DIRECTIONS:
The copy you give must match the lines from the top of the data through the line containing "104 County Road 2401 — Photo 28" exactly, and it must hold no pictures.

THE DATA:
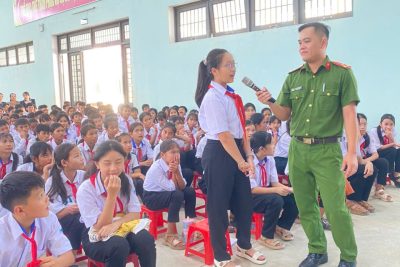 Thực hiện theo chỉ đạo của Lãnh đạo UBND xã Ba Vì về việc tổ chức các hoạt động hưởng ứng “Ngày toàn dân phòng cháy, chữa cháy và cứu nạn, cứu hộ – 4/10” năm 2025. Trường THCS Ba Vì phối hợp với Công an xã Ba Vì tổ chức tuyên truyền về ATGT, PCCC đến tất cả CBGVNV, HS toàn trường.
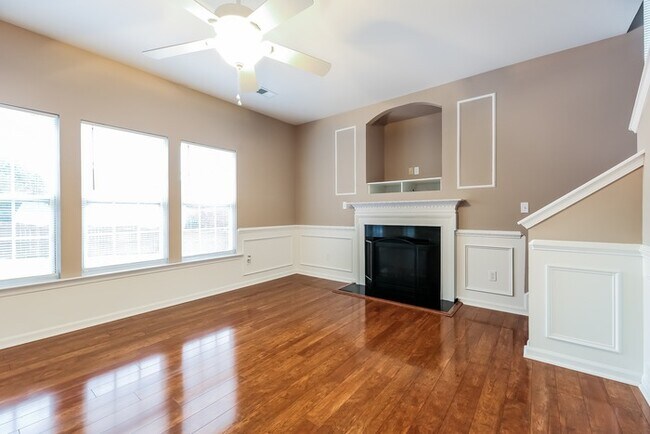 Foto del edificio - 400 Middleshare Dr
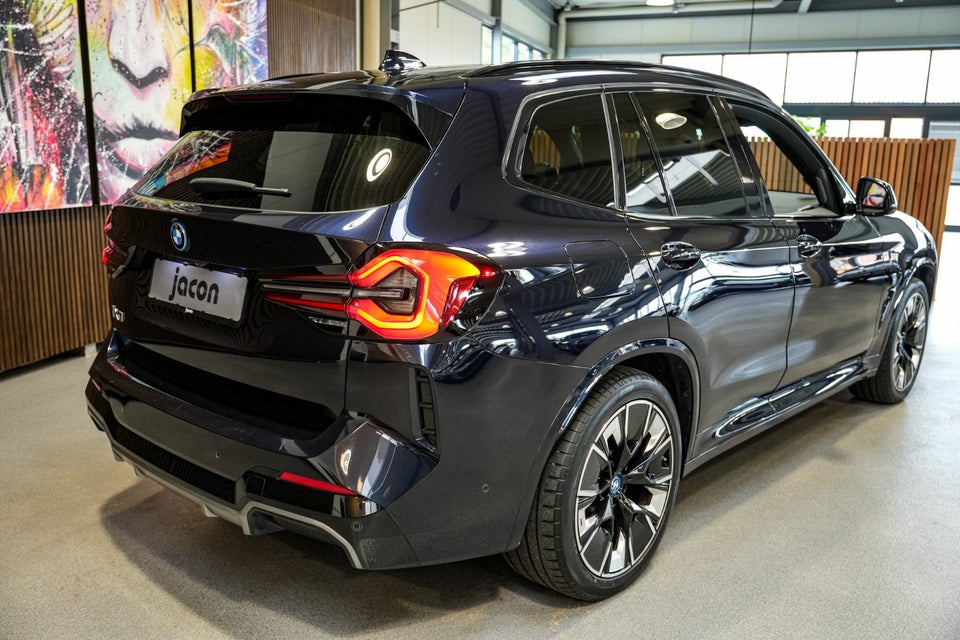 BMW iX3 Charged Plus M-Sport 5d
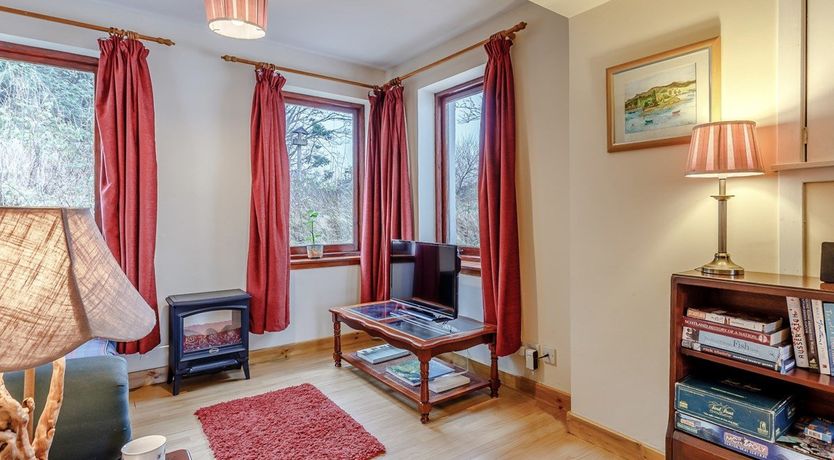 Photo of 1 Bed in Badachro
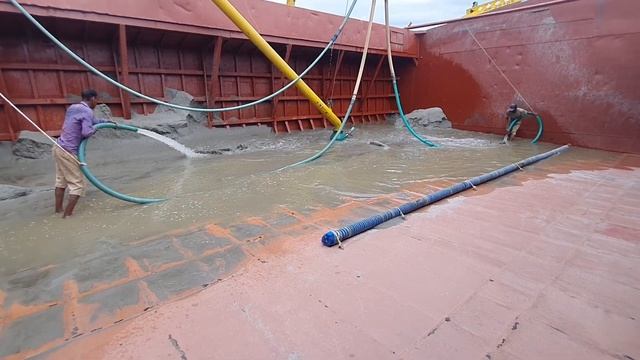 Sand is being unloaded from large ships with powerful dredger machines part-527 смотреть онлайн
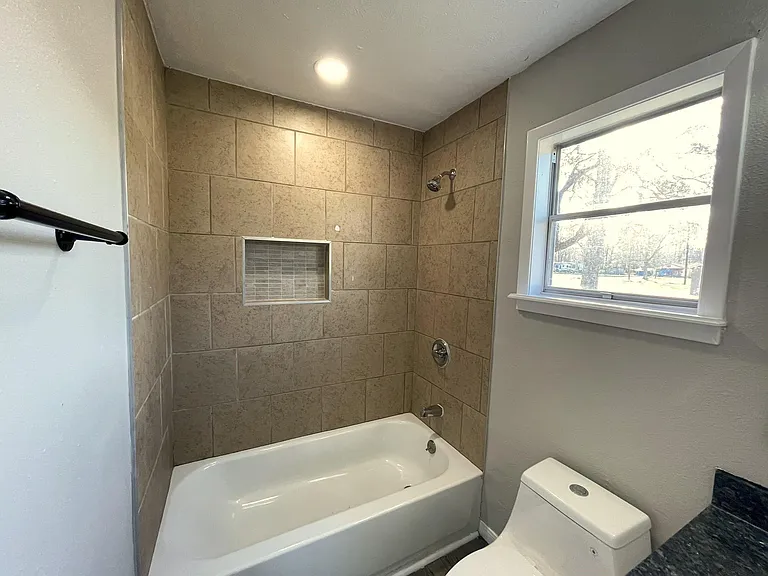 104 County Road 2401 — Photo 28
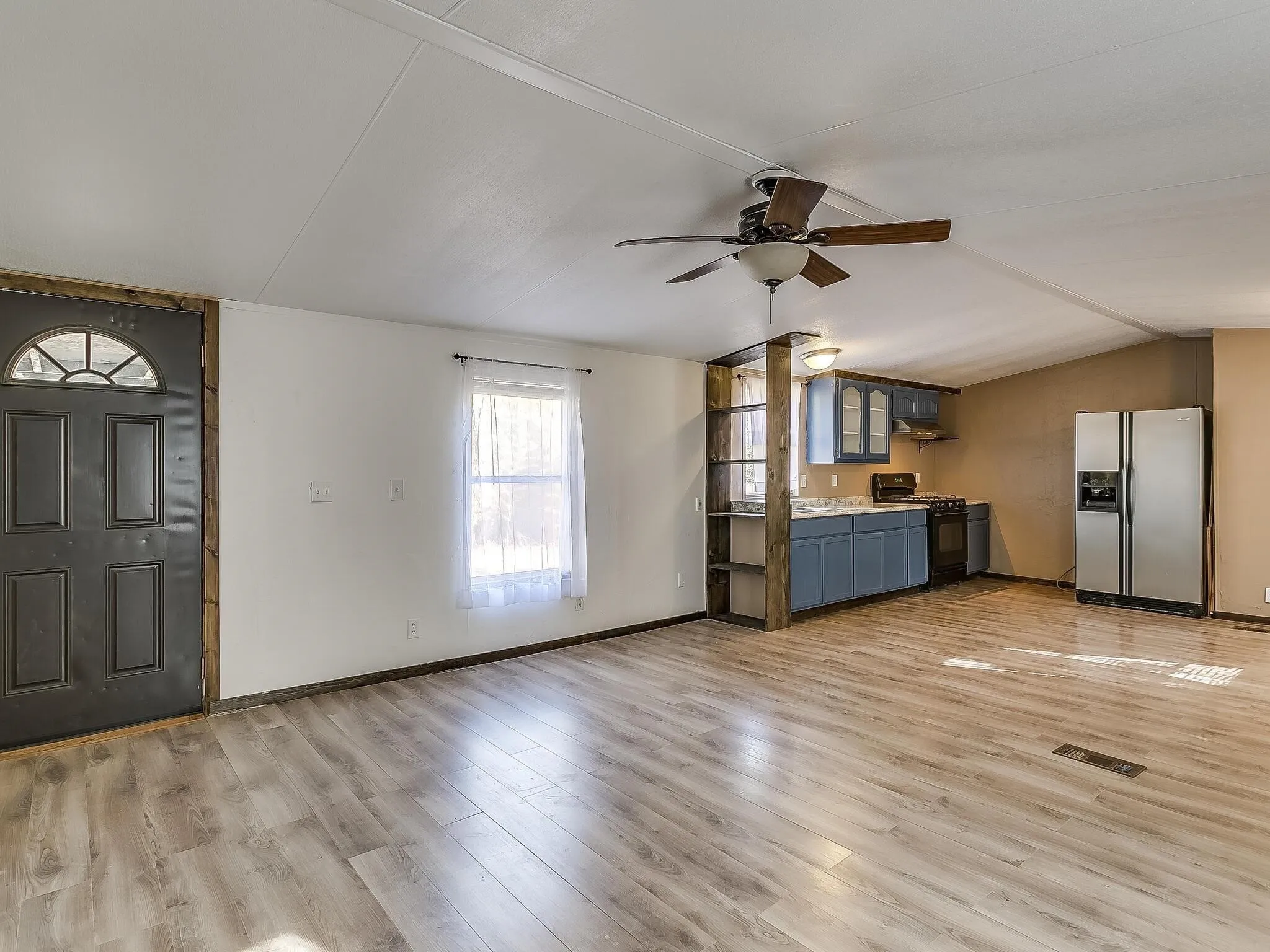 Mobile Home For Rent in Tarrant County , 1802 Whispering Oaks Street, Burleson, Texas 76028, 3 Bedroom, 2 Bathroom, Garage spaces, 1,216 Sqft, built in 1996, mls#21387072, Real Estate Agent in Burleson, Homes For Rent in Tarrant county, Homes For Rent in Burleson, Realtor in Burleson Texas, Real Estate Brokerage Independent Realty Texas, Luminita Cordes Realtor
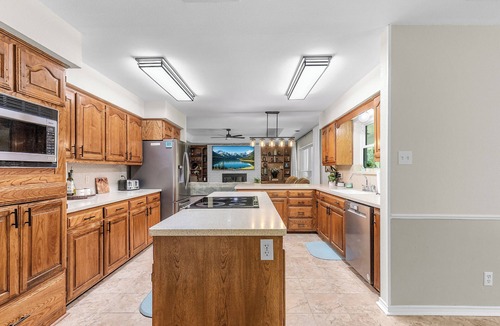 Yantis House | Luxury Lake Fork Waterfront w/Pool, Jacuzzi & Dock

TASK SOLUTION:
 Thực hiện theo chỉ đạo của Lãnh đạo UBND xã Ba Vì về việc tổ chức các hoạt động hưởng ứng “Ngày toàn dân phòng cháy, chữa cháy và cứu nạn, cứu hộ – 4/10” năm 2025. Trường THCS Ba Vì phối hợp với Công an xã Ba Vì tổ chức tuyên truyền về ATGT, PCCC đến tất cả CBGVNV, HS toàn trường.
 Foto del edificio - 400 Middleshare Dr
 BMW iX3 Charged Plus M-Sport 5d
 Photo of 1 Bed in Badachro
 Sand is being unloaded from large ships with powerful dredger machines part-527 смотреть онлайн
 104 County Road 2401 — Photo 28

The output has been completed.